### TASK DIRECTIONS
If a line of the records holds the word "Sale", copy it out.
START EXTRACTED INFORMATION
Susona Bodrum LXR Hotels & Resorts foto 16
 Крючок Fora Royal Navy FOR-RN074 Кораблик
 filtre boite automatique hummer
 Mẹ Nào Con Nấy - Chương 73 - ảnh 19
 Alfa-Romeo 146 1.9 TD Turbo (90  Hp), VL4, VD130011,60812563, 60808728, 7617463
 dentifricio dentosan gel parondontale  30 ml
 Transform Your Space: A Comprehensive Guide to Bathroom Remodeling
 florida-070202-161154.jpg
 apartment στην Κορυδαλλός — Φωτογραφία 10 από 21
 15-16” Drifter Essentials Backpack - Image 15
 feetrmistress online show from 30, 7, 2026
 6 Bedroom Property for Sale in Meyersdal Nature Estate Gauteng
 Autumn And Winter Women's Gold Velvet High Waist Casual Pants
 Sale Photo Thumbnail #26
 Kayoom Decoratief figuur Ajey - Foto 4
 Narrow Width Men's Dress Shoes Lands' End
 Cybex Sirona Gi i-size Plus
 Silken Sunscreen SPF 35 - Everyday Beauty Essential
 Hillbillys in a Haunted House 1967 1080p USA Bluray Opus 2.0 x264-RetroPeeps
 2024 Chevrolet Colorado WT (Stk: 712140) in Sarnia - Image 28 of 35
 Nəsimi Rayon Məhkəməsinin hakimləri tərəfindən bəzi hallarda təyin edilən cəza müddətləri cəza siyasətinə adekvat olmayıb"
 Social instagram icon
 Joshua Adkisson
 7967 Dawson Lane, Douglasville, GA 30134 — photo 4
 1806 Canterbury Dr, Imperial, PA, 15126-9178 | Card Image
END EXTRACTED INFORMATION
### RESPONSE BOX
 6 Bedroom Property for Sale in Meyersdal Nature Estate Gauteng
 Sale Photo Thumbnail #26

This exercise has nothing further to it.